I personally love Tawny ports and recommend 20 years old as a nice compromise between taste and price. I would pair a tawny port with flour-less chocolate cake served with a blackberry puree. The port will also pair perfectly with a crème-brule because the burnt sugar flavors are very similar to the characteristics of the port. For a simpler dessert pair a Ruby Port with fresh strawberries or cherries. The finger fruits are easy to prepare and can be easily made “gourmet” by drizzling some chocolate (dark for me, please) over the fruit.

Option #2: Late-Harvest Wines
These wines are a bit different than Port, but can be used interchangeably when pairing with desserts. Late-harvest (LH) wines are self-described on the label; the grapes for the wine are harvested later than normal grapes. The grapes will have higher levels of sugar and less acid than the same grapes harvested earlier. Usually the winegrower will have to hang the fruit for 1 month longer for late harvest wines. This can cause some difficulties, as the weather has a huge impact the longer the grapes are on the vine.

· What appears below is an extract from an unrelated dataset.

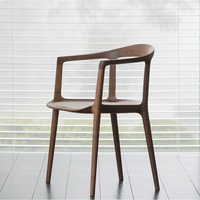 Chaises de salle à manger en bois de frêne nordique chaises de négociation d'accoudoir de luxe léger minimaliste italien chaises de loisirs de Style Antique à la maison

The LH grapes are fermented the same way that table wine is made. There is so much sugar in the grapes that the yeast will ferment until the alcohol content that they produced will kill the yeast. When the yeast die the wine is left sweet, because the yeast couldn’t eat all the sugar. You can make a LH wine with any grape variety, white or red. My favorites include LH wines made from California Zinfandel and Viognier. Viognier is perfect to pair with dried apricots. Also, it’s fantastic to just pour over vanilla ice cream or sorbet. Zinfandel is great to pair with chocolate, the darker the better.

Debbie, I could keep going on forever because every different culture that makes wine also makes its own unique dessert wines. When you have a chance try some of these wines: Trokenbearnaulessen (TBA) from Germany, Sauternes from France, Sherries from Spain, Royal Tokai from Hungary and Icewines from Canada.